* **Work task**
Search the entries below for the word "Consejo" and copy every line where it appears.

* **Provided records**
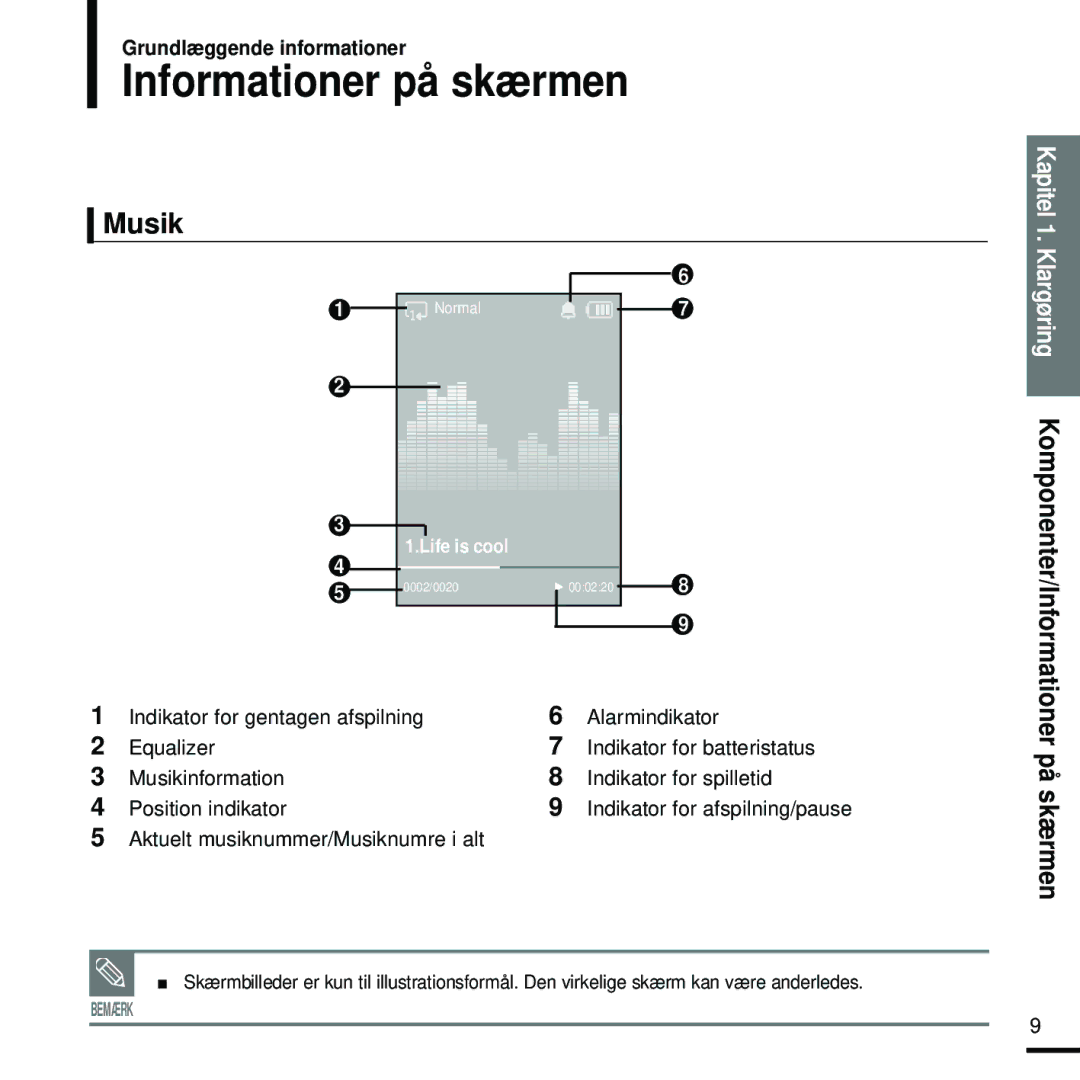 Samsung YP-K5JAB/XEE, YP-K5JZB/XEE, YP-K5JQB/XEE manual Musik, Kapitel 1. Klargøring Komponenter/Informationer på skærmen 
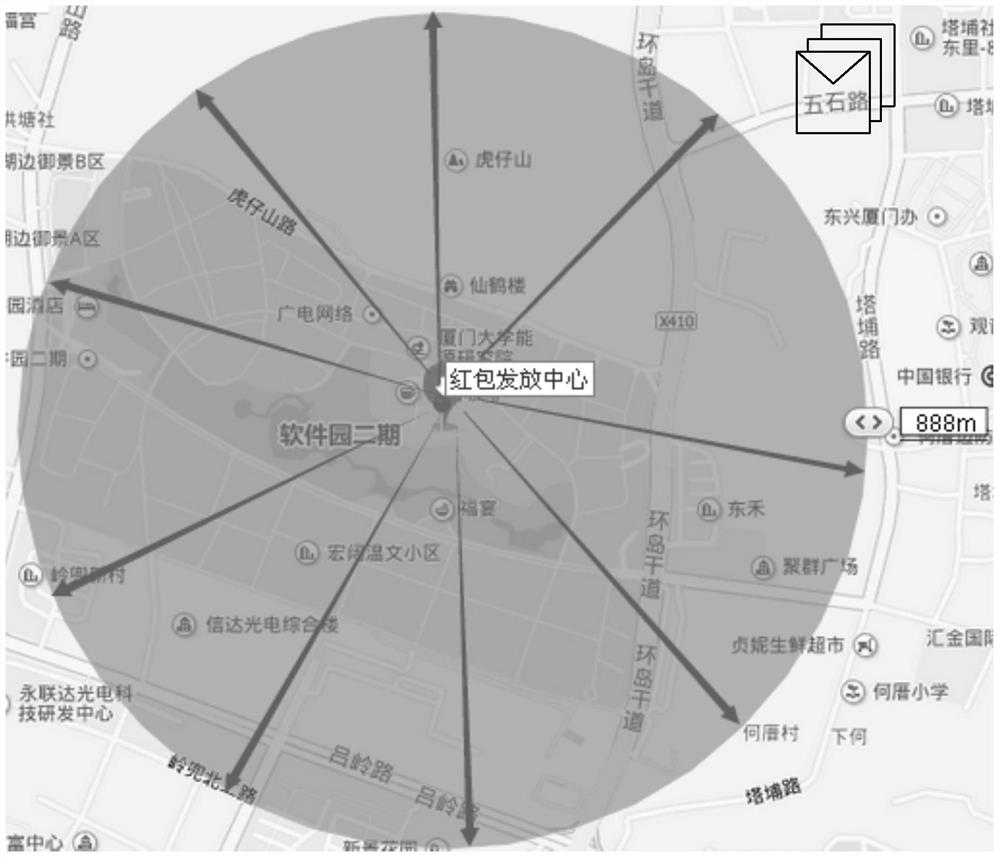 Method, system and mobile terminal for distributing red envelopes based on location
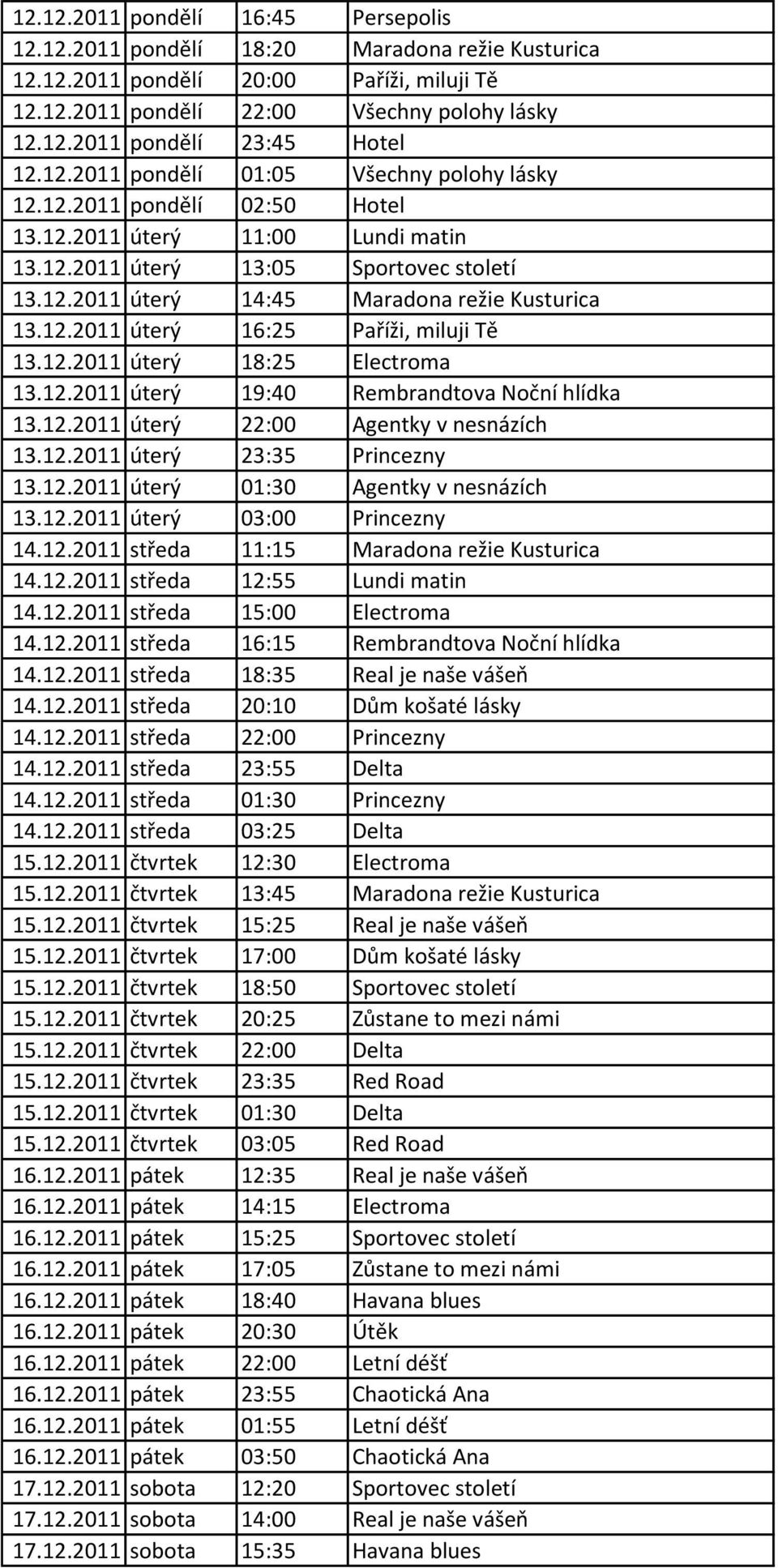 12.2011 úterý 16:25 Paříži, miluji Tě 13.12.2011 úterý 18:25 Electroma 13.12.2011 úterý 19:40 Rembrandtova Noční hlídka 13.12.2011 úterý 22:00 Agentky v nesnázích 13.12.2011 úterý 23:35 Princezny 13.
---
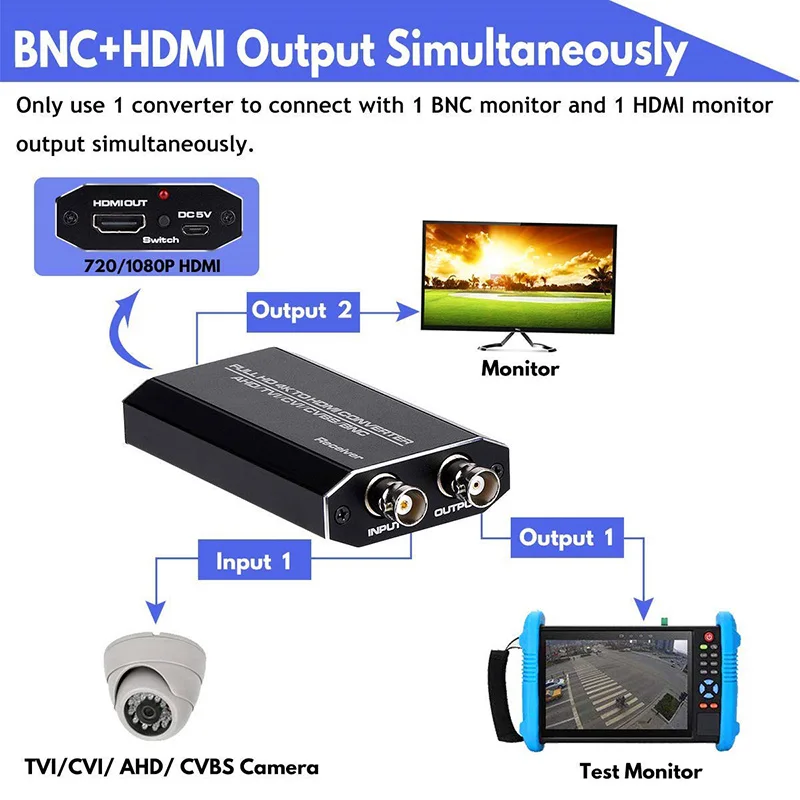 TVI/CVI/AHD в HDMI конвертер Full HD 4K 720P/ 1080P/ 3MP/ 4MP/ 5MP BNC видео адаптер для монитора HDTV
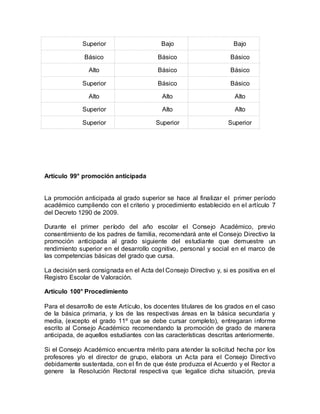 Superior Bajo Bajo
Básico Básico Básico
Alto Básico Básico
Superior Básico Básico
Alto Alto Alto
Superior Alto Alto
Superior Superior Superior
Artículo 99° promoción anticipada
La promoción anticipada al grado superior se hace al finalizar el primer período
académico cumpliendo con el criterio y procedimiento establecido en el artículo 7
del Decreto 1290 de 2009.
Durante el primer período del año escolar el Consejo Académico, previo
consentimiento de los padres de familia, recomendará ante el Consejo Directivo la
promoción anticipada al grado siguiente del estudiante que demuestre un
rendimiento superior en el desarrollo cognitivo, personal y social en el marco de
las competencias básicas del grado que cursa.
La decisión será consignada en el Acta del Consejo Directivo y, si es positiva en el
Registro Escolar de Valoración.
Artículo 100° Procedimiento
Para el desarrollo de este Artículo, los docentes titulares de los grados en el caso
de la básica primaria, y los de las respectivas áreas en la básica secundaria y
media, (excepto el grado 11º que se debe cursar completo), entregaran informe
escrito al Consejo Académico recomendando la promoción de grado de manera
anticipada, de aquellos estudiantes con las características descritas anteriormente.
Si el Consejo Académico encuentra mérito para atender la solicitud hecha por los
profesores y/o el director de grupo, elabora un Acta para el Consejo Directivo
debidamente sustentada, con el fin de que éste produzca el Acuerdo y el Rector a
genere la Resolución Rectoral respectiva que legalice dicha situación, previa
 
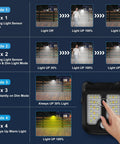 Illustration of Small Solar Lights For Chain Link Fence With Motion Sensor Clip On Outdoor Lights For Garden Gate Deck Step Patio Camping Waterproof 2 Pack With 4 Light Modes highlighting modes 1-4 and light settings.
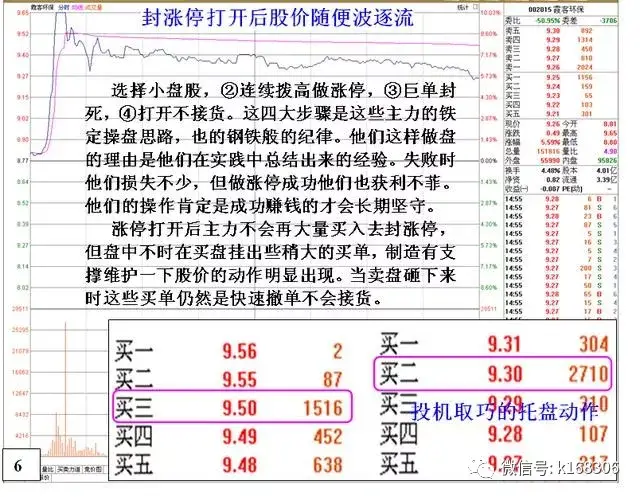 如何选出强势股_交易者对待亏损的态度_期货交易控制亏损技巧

* **Final answer**
Durante el primer período del año escolar el Consejo Académico, previo
consentimiento de los padres de familia, recomendará ante el Consejo Directivo la
La decisión será consignada en el Acta del Consejo Directivo y, si es positiva en el
escrito al Consejo Académico recomendando la promoción de grado de manera
Si el Consejo Académico encuentra mérito para atender la solicitud hecha por los
profesores y/o el director de grupo, elabora un Acta para el Consejo Directivo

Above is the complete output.